PROBLEM DESCRIPTION: For every entry below, give an exact repeat and leave out the pictures.
** Opening PROVIDED ENTRIES block **
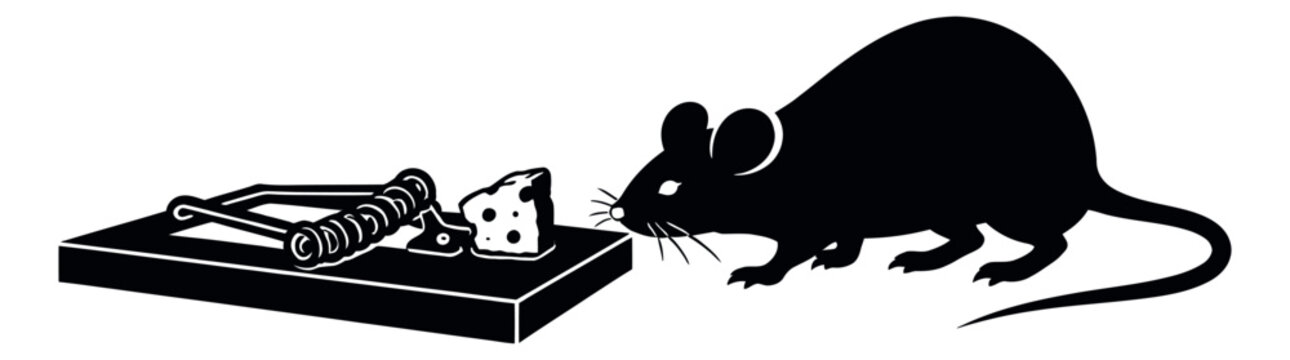 Graphic illustration of a mouse approaching a mousetrap with cheese depicting danger for pest control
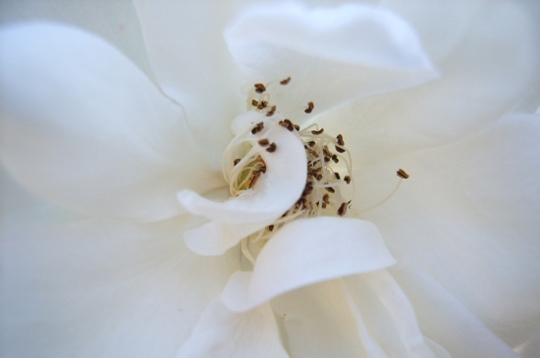 Rose très blanche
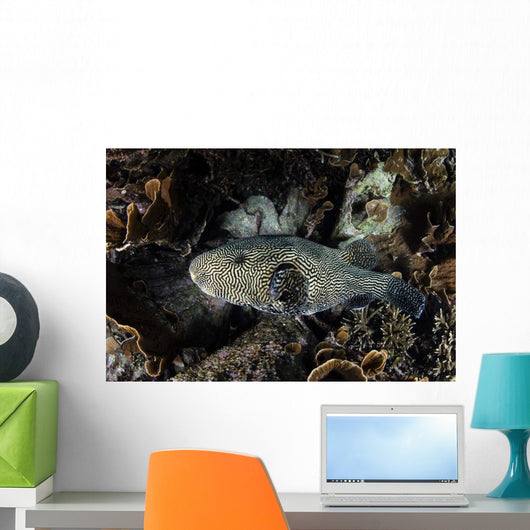 Large Map Pufferfish Swims Wall Decal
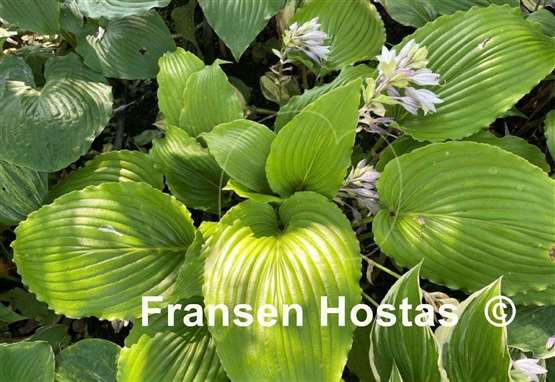 Hosta Valley's Glossy Veins
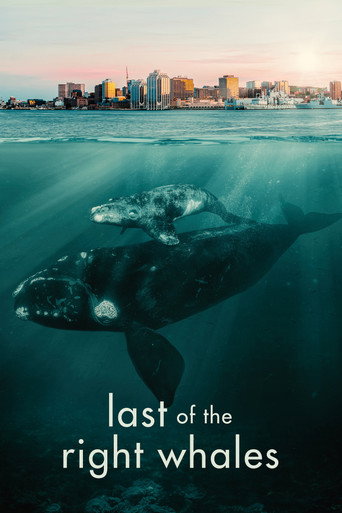 Les dernières baleines franches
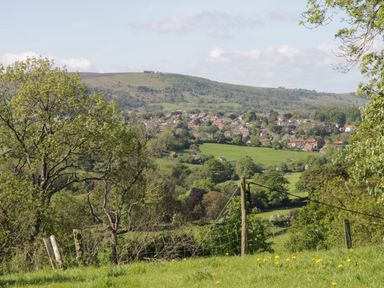 A rural landscape with trees and a village in the distance at Goathland Cottage in Ruswarp near Whitby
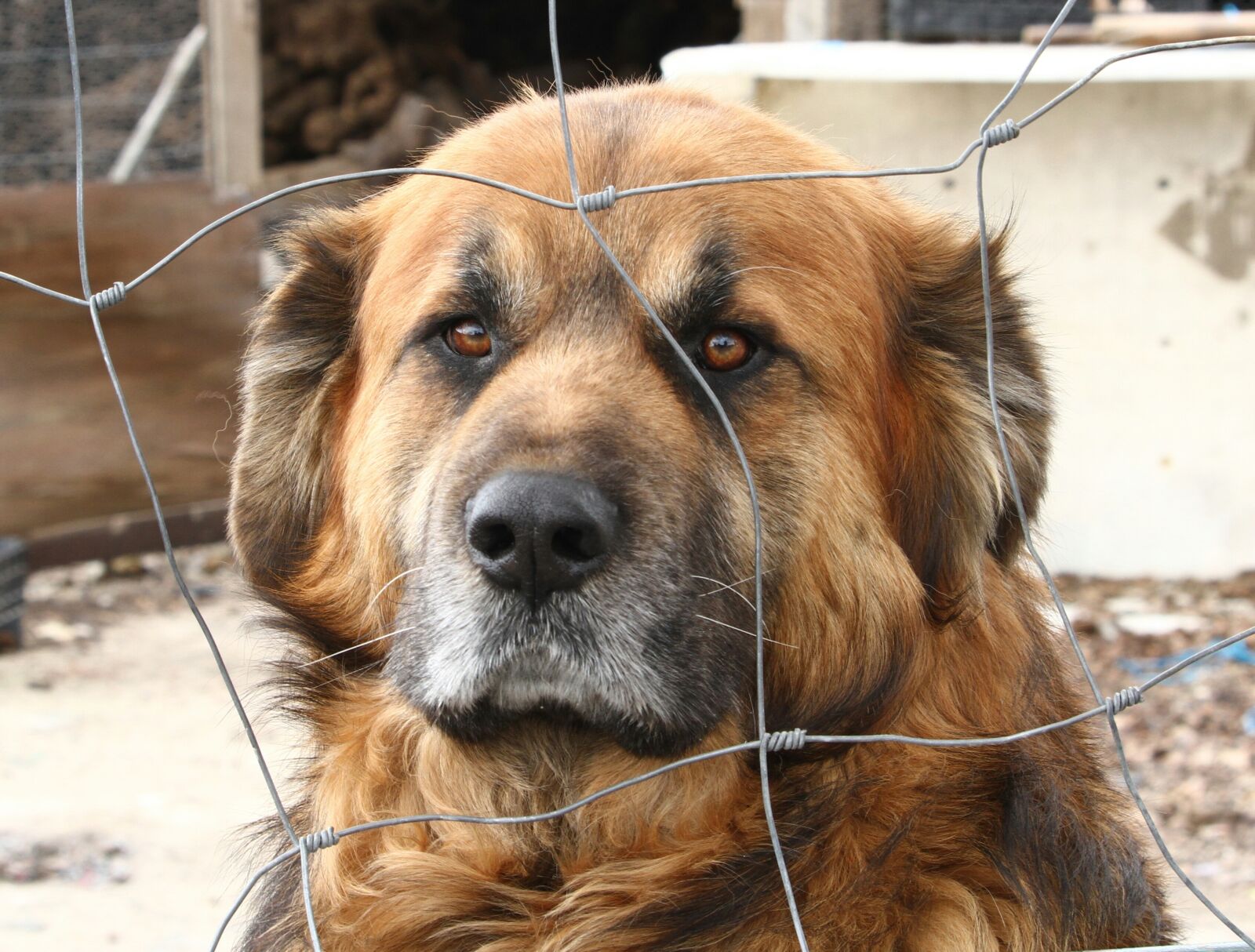 Canon EOS 7D sample photo. Dog, pet, animalia photography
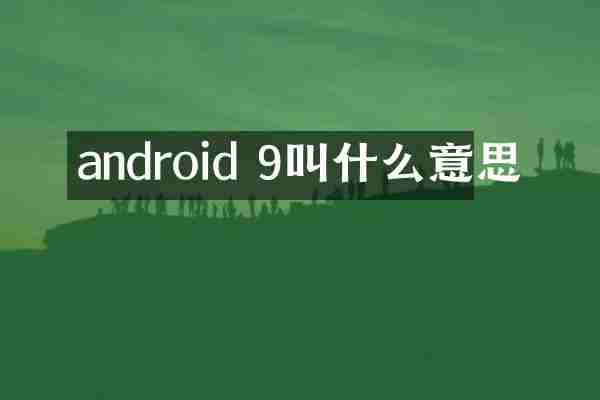 android 9叫什么意思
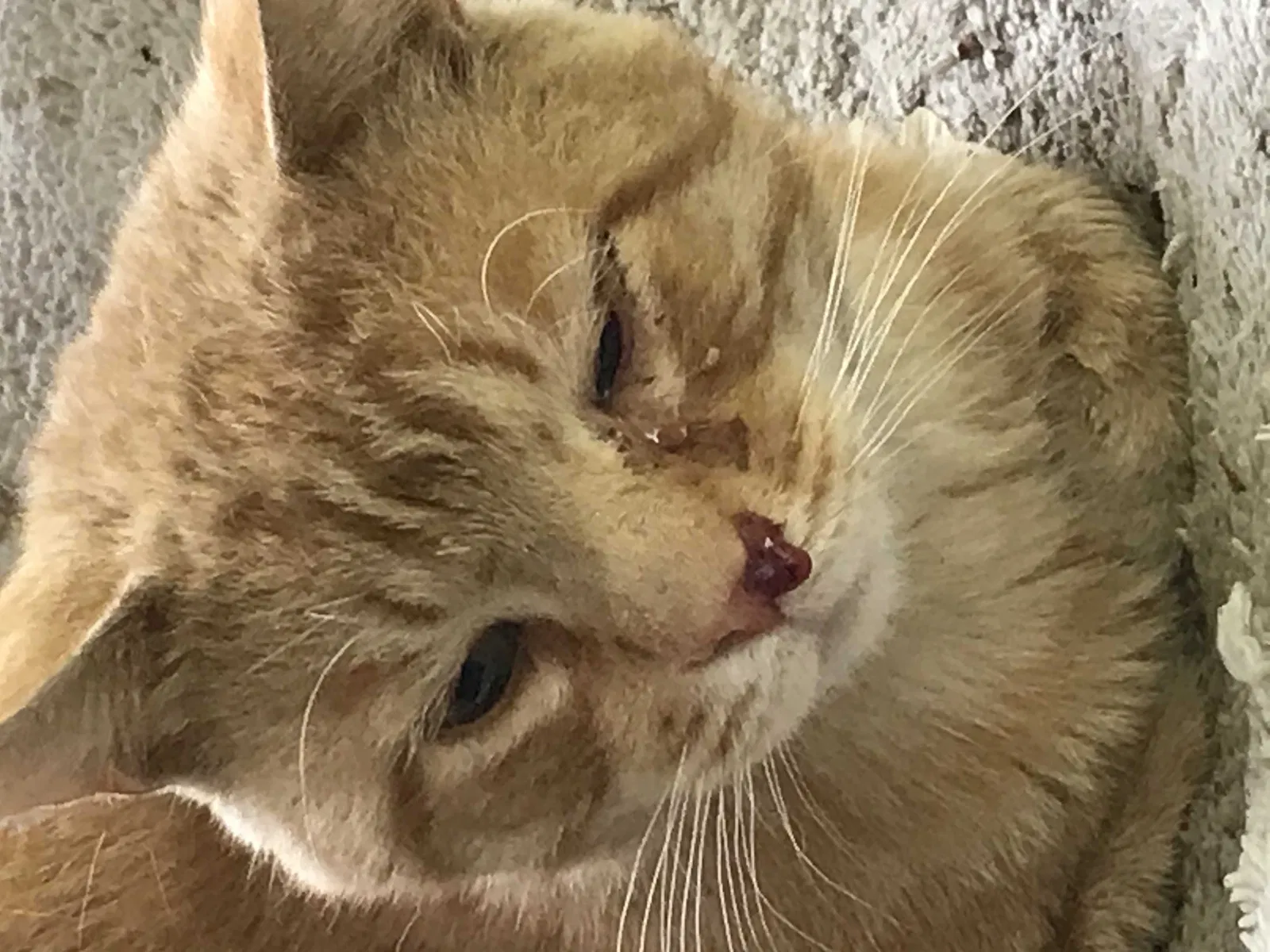 Lost cat in Oregon, OH, 43616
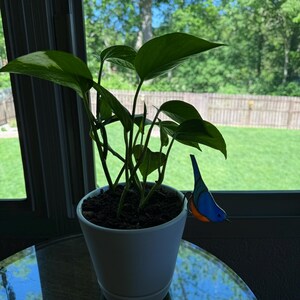 Chris さんが購入した商品の写真を追加しました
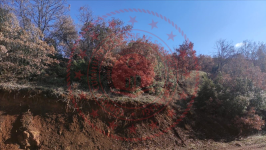 Isparta Yalvaç Özbayat - Harman Mahallesi Milli Emlak'tan Satılık 1.165,94 m2 Arsa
** Closing PROVIDED ENTRIES block **
SOLUTION FOR THIS PROBLEM:
 Graphic illustration of a mouse approaching a mousetrap with cheese depicting danger for pest control
 Rose très blanche
 Large Map Pufferfish Swims Wall Decal
 Hosta Valley's Glossy Veins
 Les dernières baleines franches
 A rural landscape with trees and a village in the distance at Goathland Cottage in Ruswarp near Whitby
 Canon EOS 7D sample photo. Dog, pet, animalia photography
 android 9叫什么意思
 Lost cat in Oregon, OH, 43616
 Chris さんが購入した商品の写真を追加しました
 Isparta Yalvaç Özbayat - Harman Mahallesi Milli Emlak'tan Satılık 1.165,94 m2 Arsa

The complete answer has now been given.